And so a lot of merchants were like, Hey, this is not working. And they were not getting the responses they wanted in a timely manner. And so service is a very core value, uh, at our company alongside transparency. And so being able to provide that level of service right out the gate, we were not trying to say We want a thousand merchants on Shopify to use our solution.
At that time, it was really. How do we find the right i c p customer profile or persona and really do right by them to then learn and then grow? And that’s, I think the real, that’s, that’s how I think about B2B as really, really important is like you really understanding what the critical pain points are, build for that with the right wedge, and then scale out from there.
Andrew: You know, I was just talking to a listener of mine who’s got a really good subscription based business, and I gave him a few suggestions for alternative credit card processing companies, and he said, yes, but I have to be really careful. I can’t shift away because. This other merchant has got my numbers, you know, my credit card numbers, and my relationship goes through them.

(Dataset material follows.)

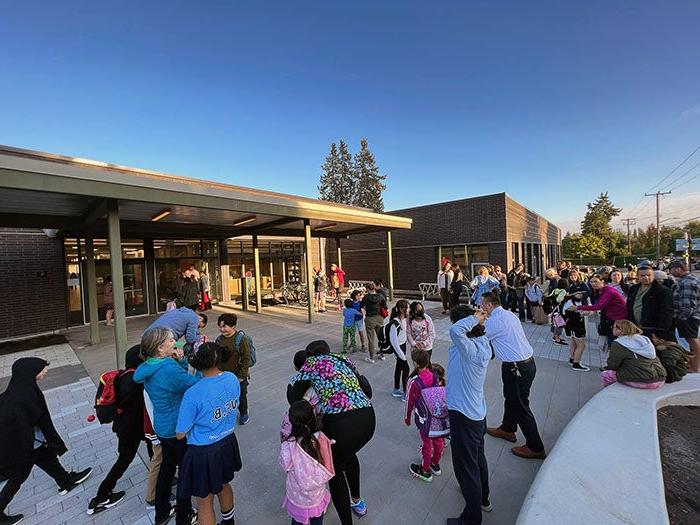 a group of adults and children outside of a building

If I shift, it’s gonna be a real challenge for us. So we’ve gotta figure out how to make that transition. How much of an issue is that, that you could create something good, but these businesses still can’t move?

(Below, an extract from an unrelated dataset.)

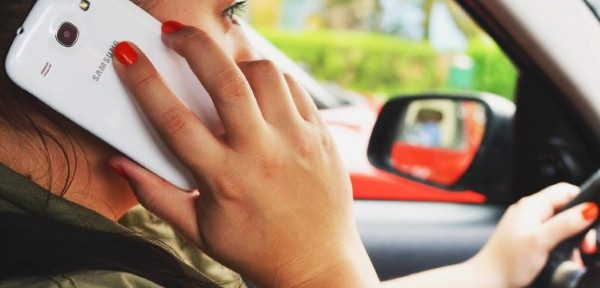 Woman using phone while driving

Dileepan: Yeah, so inertia is a big deal in subscriptions because we’re dealing with, you know, payment data, payment data, subscriber data, uh, and subscription data. So three kinds of data. We white glove all of our onboarding because I don’t ever want a merchant to not use our solution because of some fear founded or unfounded.
The migration process of customer data, right? We live in a world right now where customer data’s very important, and with some of the existing solutions, there were issues in re in relation to data, where it was being kept, how it was being kept, who could access it. And so we made security a very important
Andrew: But how can you do that? Aren’t the credit card numbers and the relationship going through someone like a stripe and if you switch away, they lose those relationships. So you have to find a way to balance what they had with what you’re building.
Dileepan: not to get Tech two technical, but general, we will never touch payment data or card data itself. That will always be with the payment provider, whether that be a Stripe or a Braintree, PayPal, or Shopify Payments. What we have is the token, which allows you to access that.
Andrew: So if they have a relationship, you keep that relationship, you just add software, and it’s a better software layer than what they already had. Got it. So that’s not an issue. So now you’re ready to go. How long does it take to get started?
Dileepan: So for, uh, it depends on the size of the merchant. For a very small merchant, you can get started in basically under a day, uh, or a couple of hours. If you’re new to subscriptions, just starting at your program, the onboarding is super basic, uh, and straightforward. We can get you up and running in maybe an hour or two.
For merchants who are switching from a competitor, it may take, you know, a couple of days or a week to get that data migrated over.
Andrew: How long did it take you to build the first version that all these merchants were looking for?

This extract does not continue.